What I love about my work is precisely that it resists routine—each project demands its own rhythm and sequence.
Have you encountered limitations with the medium, and if so, what were they and how have you tried to overcome them?
Working at a large scale with cyanotype can be challenging. In Argentina, it’s difficult to find large transparency prints for negatives, and the few available options are expensive. I often work by assembling multiple transparencies to reach the scale I need, which adds complexity—especially when trying to achieve tonal consistency across the entire piece.

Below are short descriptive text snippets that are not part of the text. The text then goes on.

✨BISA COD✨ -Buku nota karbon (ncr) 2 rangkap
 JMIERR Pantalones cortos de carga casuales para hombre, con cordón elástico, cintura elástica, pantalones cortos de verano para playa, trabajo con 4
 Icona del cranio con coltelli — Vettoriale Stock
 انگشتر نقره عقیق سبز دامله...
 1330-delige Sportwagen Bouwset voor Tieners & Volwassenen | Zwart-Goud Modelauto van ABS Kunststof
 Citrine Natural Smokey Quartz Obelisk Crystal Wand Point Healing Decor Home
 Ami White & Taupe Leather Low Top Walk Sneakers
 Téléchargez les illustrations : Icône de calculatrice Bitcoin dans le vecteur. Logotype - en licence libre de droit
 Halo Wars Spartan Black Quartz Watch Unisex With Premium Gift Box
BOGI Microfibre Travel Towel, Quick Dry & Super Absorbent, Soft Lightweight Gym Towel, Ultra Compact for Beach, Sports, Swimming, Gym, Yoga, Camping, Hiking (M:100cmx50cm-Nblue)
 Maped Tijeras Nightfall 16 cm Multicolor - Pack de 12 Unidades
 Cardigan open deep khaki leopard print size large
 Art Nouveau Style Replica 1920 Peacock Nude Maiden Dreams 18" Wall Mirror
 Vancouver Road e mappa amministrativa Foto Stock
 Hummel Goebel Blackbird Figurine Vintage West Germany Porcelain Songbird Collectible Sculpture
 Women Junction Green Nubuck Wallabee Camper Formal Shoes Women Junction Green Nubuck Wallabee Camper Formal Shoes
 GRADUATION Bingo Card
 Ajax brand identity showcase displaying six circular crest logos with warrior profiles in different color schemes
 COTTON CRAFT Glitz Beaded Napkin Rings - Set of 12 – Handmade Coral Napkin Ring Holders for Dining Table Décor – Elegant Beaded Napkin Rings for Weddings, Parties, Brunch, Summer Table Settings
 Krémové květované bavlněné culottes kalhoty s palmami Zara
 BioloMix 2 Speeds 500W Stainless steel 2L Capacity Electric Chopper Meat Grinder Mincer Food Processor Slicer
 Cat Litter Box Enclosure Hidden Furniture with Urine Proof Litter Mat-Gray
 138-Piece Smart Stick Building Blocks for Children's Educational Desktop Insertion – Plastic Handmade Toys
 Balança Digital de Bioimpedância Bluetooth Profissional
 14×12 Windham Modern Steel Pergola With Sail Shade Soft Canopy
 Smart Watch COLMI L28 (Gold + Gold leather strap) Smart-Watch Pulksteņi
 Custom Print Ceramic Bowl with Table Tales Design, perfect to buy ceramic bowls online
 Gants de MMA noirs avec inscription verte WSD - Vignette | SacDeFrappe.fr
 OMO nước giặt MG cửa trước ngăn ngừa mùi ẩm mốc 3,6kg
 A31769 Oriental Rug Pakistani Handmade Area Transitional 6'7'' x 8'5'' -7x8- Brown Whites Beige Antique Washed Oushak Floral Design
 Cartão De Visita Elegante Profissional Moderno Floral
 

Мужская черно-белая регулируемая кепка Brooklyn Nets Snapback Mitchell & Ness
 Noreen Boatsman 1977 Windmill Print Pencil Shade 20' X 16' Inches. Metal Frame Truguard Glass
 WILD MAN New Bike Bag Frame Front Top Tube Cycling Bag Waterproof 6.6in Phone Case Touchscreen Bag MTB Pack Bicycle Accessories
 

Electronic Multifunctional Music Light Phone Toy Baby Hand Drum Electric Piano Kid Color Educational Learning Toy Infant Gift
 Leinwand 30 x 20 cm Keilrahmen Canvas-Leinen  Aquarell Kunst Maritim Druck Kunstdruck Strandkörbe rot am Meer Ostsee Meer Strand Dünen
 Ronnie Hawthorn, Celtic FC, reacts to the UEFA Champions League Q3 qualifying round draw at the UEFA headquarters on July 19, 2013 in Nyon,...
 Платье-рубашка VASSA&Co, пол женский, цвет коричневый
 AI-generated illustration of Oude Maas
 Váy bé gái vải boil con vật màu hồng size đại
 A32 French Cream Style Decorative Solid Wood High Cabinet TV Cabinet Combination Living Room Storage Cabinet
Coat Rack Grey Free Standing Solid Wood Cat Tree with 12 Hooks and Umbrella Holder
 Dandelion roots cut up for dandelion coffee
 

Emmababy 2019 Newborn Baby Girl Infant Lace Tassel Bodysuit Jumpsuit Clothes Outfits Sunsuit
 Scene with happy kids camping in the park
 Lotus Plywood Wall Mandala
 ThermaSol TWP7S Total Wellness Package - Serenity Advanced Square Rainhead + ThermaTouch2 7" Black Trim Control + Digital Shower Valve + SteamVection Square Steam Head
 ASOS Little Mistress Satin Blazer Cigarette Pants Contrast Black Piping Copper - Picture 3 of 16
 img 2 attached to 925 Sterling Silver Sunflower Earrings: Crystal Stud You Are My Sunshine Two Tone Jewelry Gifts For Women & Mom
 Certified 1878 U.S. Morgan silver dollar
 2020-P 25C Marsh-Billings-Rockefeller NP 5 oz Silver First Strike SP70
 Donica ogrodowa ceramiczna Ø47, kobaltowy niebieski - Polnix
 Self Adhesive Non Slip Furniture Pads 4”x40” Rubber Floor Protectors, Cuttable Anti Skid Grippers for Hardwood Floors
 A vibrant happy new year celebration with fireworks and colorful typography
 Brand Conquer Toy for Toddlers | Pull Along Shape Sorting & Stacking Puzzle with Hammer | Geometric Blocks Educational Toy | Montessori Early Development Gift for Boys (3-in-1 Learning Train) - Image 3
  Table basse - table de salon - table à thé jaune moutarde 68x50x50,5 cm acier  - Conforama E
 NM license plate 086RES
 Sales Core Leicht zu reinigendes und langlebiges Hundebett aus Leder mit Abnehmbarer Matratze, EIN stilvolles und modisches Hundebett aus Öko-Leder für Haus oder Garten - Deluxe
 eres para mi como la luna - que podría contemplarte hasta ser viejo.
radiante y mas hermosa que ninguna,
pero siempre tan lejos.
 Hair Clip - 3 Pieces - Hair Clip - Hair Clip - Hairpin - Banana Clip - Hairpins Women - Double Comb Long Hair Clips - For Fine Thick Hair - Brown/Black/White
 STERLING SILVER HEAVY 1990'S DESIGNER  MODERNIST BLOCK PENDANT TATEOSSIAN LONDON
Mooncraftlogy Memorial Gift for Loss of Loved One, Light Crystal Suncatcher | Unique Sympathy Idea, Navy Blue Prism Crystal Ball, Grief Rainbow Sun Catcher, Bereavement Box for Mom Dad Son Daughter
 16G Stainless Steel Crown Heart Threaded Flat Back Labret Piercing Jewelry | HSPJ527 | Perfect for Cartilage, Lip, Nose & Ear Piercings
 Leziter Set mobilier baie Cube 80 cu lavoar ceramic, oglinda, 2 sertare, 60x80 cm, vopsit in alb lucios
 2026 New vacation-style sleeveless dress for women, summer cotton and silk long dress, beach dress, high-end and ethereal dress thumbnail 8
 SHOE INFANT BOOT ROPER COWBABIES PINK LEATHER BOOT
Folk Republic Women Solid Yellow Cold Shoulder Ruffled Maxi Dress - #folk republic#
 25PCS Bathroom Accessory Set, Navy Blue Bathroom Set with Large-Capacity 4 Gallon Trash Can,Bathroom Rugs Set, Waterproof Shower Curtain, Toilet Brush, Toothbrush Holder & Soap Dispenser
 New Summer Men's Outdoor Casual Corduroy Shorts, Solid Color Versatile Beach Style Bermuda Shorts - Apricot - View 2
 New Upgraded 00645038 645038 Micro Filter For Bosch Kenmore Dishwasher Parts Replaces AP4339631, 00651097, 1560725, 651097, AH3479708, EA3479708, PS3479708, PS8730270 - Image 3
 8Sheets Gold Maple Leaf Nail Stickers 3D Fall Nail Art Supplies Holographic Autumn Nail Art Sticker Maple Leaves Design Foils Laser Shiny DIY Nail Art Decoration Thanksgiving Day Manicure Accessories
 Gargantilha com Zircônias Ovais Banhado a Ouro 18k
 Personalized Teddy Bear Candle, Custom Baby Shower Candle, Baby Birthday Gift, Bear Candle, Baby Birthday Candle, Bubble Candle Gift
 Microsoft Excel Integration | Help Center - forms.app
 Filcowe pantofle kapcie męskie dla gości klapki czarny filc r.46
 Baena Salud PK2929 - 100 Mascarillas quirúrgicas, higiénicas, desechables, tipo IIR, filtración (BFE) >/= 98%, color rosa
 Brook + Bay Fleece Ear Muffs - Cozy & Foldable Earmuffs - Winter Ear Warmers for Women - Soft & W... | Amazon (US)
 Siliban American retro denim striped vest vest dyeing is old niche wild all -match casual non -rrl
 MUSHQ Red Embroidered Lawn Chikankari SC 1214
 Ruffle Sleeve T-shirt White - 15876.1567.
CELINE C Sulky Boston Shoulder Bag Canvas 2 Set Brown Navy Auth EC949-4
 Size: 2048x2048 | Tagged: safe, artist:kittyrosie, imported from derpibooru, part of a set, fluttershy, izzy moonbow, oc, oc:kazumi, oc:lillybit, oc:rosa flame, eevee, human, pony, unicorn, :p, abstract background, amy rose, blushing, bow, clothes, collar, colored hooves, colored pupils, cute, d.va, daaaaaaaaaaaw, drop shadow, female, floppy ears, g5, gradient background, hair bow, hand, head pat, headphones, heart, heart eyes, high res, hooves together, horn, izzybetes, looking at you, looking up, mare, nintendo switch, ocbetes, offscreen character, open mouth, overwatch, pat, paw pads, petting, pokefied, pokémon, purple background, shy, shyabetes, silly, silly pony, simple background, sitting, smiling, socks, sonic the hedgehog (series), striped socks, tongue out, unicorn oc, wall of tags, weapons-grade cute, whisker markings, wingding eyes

Humidity also plays a role, affecting drying and exposure, but I’ve learned to manage it and incorporate its effects when needed. I’ve also learned that redoing certain stages of my process is sometimes necessary, and I’ve come to understand that repetition is part of my practice. It can be frustrating, but it’s also a learning experience.
How do you think the public perception of cyanotype has changed in the art world?
Personally, I feel it’s a technique that had been somewhat forgotten, and now, through the work of many artists around the world, we are bringing it back into the contemporary art scene. It’s definitely being re-evaluated. What was once seen as an “alternative” process is now being pushed into complex territory by artists who use it conceptually and materially.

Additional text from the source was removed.